MRAgent cuts token use to 118k: beats LangMem on agentic memory benchmarks • Meteora Web Agency

Large language models face a fundamental hurdle when handling long conversations or multi-step reasoning tasks: context windows fill up quickly, and traditional retrieval systems return noise instead of signal. To address this, researchers at the National University of Singapore developed MRAgent, a framework that abandons the static retrieve-then-reason approach in favor of a mechanism where the agent dynamically builds its memory based on accumulating evidence.

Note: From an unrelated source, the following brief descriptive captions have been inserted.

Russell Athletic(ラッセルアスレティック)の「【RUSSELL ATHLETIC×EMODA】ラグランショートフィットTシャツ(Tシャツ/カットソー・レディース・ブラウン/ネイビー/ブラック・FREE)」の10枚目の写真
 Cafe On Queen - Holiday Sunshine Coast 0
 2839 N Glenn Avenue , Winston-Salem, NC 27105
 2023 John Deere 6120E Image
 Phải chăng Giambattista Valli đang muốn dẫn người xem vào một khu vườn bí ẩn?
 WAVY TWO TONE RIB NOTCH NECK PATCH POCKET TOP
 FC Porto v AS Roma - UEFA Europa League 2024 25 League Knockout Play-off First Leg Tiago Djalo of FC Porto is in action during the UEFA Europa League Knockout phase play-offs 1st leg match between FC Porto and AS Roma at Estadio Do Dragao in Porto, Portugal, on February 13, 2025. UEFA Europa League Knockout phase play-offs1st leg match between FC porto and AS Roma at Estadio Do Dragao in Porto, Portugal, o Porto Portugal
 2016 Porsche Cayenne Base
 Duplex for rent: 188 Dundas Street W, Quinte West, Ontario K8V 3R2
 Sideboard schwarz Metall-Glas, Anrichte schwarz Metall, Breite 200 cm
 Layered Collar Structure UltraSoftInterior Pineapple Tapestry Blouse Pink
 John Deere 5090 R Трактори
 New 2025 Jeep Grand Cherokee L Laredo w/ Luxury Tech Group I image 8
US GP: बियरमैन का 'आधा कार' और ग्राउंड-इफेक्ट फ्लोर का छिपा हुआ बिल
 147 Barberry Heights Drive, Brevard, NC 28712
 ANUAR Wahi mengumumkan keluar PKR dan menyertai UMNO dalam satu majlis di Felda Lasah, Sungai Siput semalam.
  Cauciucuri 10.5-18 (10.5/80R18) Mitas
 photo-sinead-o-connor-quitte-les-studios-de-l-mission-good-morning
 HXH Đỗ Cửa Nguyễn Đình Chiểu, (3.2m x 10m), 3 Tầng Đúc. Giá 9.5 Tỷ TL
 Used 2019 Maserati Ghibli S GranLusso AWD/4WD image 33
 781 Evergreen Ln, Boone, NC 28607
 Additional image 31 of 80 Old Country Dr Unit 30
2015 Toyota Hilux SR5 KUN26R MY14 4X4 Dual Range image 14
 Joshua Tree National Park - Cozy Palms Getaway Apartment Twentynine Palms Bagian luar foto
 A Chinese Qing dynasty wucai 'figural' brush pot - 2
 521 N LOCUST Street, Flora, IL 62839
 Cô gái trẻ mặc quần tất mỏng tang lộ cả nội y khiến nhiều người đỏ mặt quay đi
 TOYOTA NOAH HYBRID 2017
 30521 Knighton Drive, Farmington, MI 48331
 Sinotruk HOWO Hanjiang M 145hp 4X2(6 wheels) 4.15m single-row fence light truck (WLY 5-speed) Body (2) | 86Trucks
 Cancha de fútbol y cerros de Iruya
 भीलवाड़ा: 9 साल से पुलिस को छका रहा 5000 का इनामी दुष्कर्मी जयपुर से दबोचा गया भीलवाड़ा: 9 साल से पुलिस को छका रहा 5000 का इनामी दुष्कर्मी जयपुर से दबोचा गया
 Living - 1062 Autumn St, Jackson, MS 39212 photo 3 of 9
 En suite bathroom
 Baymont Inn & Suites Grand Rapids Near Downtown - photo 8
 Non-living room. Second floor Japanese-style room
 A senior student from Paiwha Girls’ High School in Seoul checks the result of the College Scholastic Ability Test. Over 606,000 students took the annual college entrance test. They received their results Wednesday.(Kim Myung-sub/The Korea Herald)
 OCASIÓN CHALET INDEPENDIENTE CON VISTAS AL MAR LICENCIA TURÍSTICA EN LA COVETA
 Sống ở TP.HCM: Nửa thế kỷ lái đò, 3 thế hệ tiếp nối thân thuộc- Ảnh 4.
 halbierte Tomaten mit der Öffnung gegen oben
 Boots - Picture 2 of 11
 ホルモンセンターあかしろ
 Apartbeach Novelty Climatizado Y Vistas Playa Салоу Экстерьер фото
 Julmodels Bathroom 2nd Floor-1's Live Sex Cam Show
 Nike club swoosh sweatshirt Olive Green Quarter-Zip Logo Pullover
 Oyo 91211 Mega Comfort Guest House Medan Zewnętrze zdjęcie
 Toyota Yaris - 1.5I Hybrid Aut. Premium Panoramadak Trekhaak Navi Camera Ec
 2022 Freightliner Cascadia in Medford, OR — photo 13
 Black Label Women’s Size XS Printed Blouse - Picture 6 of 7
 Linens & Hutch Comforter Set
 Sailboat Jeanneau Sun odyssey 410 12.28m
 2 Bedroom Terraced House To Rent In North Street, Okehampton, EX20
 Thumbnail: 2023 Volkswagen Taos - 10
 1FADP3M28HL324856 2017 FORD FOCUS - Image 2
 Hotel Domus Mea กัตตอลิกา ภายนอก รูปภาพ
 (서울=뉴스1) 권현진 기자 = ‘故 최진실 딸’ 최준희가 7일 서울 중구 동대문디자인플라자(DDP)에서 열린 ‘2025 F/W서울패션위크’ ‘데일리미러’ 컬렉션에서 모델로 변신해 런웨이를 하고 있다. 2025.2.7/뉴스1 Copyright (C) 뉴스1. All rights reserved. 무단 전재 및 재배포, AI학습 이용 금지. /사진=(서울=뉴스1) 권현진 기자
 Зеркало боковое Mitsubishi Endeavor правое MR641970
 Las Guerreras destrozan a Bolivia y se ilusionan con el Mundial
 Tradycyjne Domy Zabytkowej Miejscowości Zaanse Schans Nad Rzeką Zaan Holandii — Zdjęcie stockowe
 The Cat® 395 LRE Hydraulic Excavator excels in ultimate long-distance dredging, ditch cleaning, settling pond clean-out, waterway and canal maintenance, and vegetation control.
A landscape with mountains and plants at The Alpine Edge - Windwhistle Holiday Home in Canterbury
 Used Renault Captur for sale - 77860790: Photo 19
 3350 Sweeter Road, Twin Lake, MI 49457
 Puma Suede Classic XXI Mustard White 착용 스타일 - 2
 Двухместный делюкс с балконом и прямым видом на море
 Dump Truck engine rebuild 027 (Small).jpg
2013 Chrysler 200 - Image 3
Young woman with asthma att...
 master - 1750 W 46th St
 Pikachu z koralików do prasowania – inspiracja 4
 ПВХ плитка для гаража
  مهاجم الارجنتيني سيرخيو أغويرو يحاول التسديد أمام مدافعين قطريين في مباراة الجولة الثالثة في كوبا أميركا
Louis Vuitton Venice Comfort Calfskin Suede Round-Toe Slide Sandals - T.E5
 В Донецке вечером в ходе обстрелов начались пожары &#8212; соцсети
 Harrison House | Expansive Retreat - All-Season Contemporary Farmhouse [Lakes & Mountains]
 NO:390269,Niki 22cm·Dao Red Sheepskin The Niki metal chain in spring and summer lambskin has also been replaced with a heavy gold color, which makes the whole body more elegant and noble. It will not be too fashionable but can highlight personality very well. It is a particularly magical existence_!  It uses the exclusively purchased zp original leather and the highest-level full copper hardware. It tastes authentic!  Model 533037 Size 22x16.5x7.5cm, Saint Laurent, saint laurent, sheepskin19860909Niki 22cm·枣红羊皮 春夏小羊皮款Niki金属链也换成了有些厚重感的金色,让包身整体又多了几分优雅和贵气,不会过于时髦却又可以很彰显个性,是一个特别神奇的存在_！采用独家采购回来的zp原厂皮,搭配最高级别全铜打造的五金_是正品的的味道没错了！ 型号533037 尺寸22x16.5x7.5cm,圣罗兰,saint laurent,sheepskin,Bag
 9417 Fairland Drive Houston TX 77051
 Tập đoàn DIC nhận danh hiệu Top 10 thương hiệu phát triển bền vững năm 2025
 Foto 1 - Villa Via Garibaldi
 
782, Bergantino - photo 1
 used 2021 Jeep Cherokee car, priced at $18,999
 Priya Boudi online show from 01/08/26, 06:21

The limits of passive retrieval in long-horizon tasks

In classic Retrieval-Augmented Generation pipelines, documents are retrieved via vector search or graph traversal and passed to the LLM for reasoning. This passive approach fails because it cannot integrate reasoning with memory access, creating three major bottlenecks. First, the system cannot revise its retrieval strategy mid-reasoning; if an agent fetches a document but finds a missing cue, it cannot issue a new query based on that finding. Second, fixed similarity scores and predefined graph expansions return surface-level matches that flood the LLM's context window with irrelevant noise, degrading reasoning. Third, current systems rely heavily on pre-constructed structures such as top-k results and static relevance functions, limiting flexibility for scaling across unpredictable, long-horizon user interactions.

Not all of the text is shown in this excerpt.